-- Dataset extract follows --

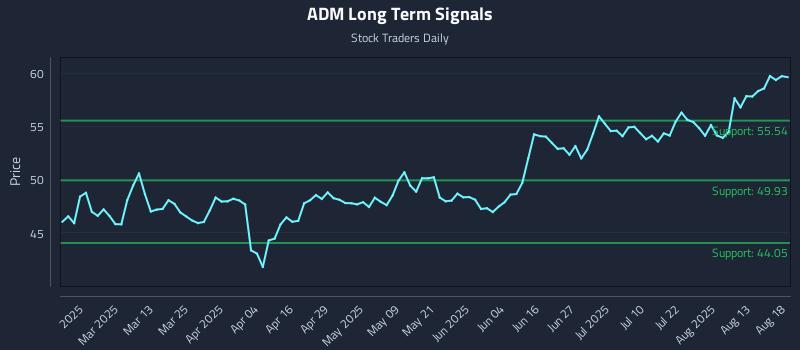 ADM Long Term Analysis for August 18 2025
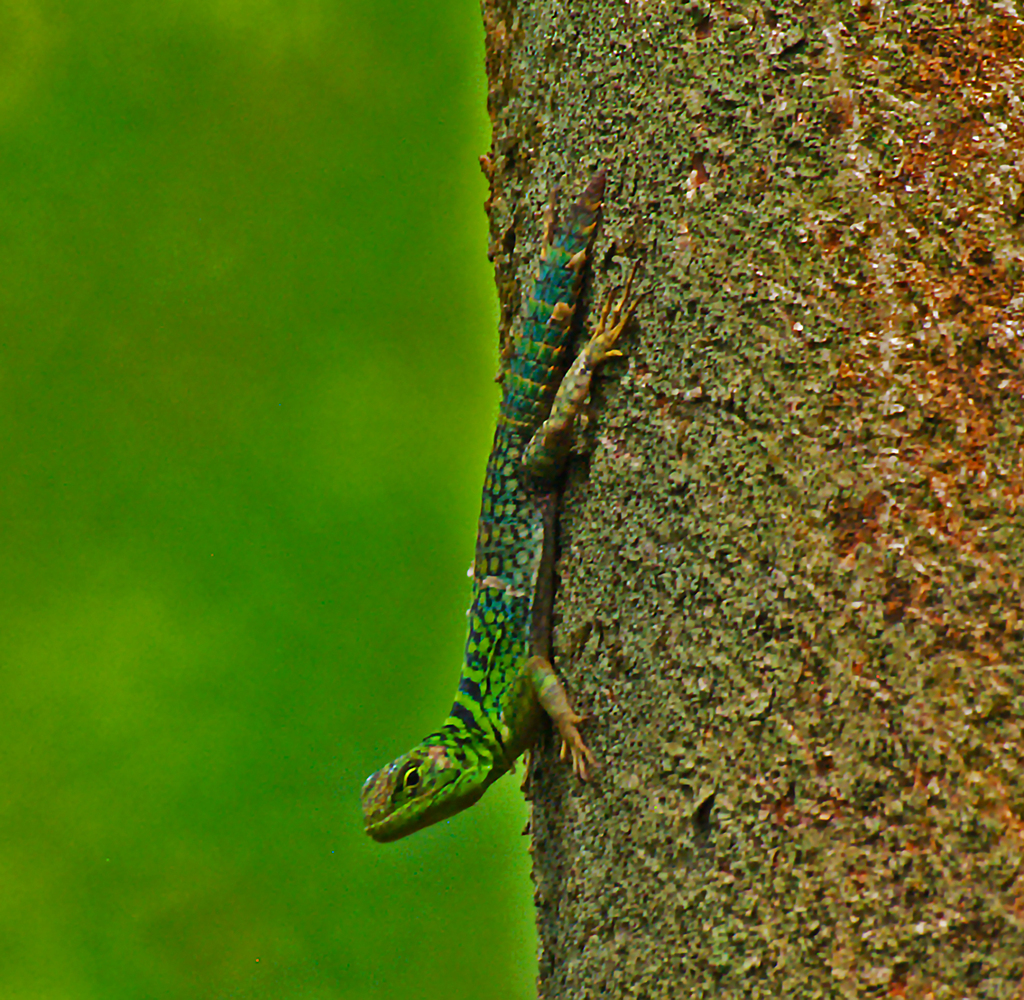 Green Thornytail Iguana from Reserva Natural Palmari, Amazonia, Brazil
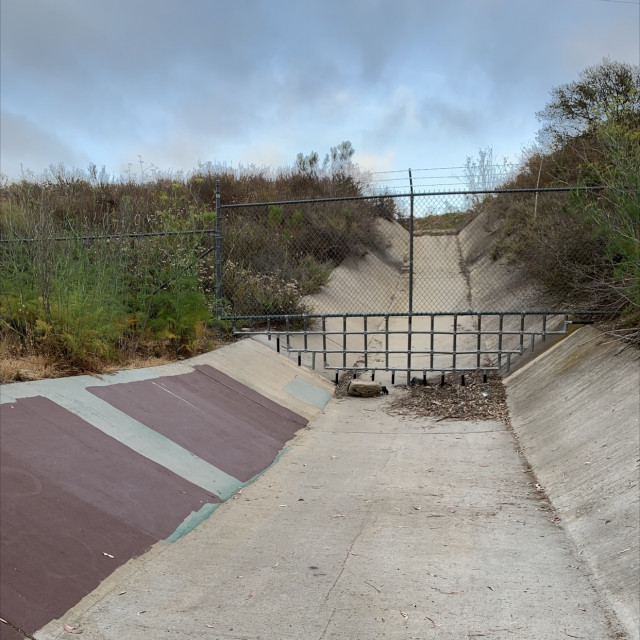 ditch spot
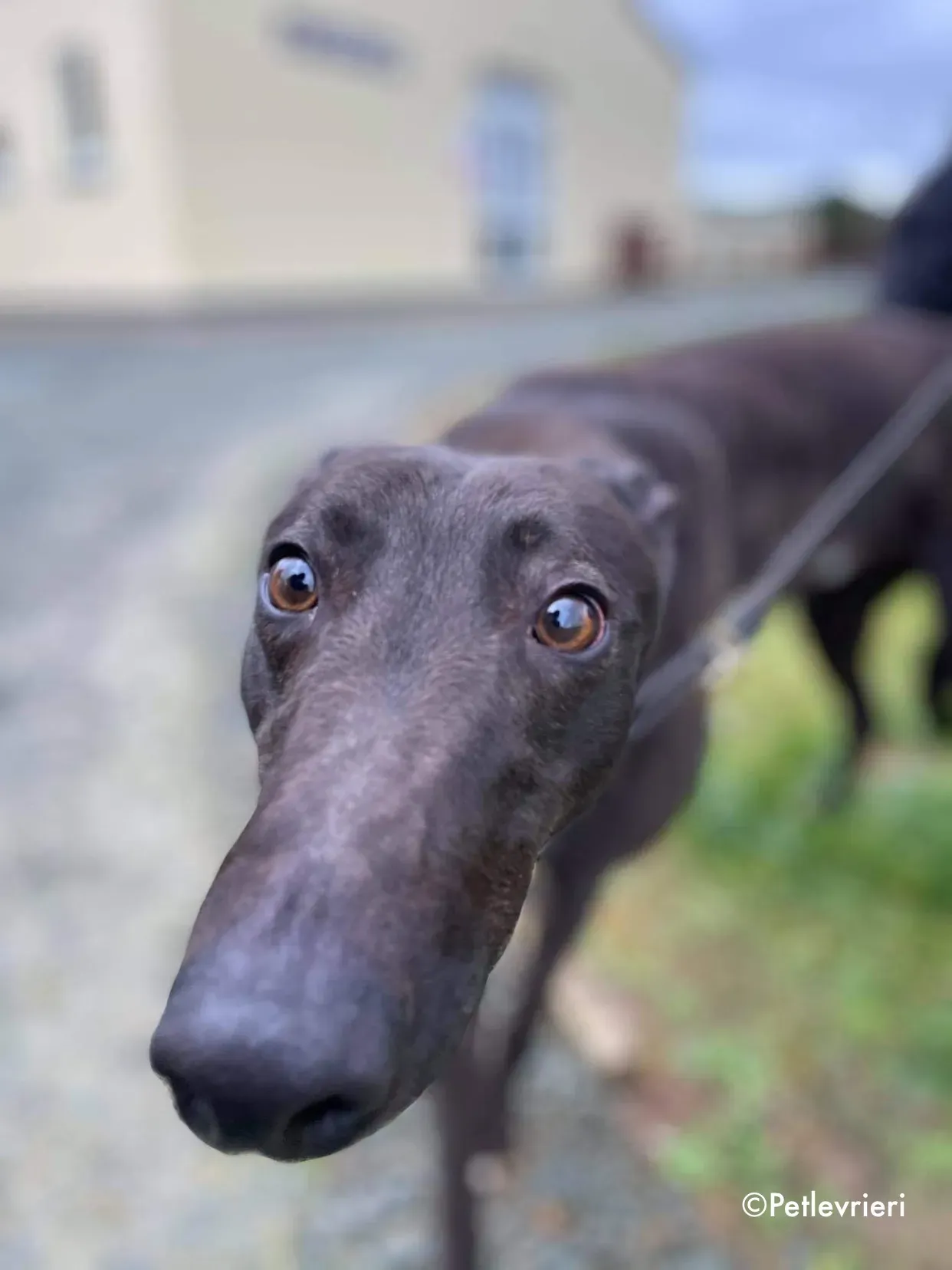 paudie adozione levrieri greyhound 12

-- Dataset extract concluded --

Exercise goal:
Only the lines starting at the one that holds "Green Thornytail Iguana" and ending at the last line of the data belong in your answer. Please set them down exactly and omit the pictures.

Answer below:
 Green Thornytail Iguana from Reserva Natural Palmari, Amazonia, Brazil
 ditch spot
 paudie adozione levrieri greyhound 12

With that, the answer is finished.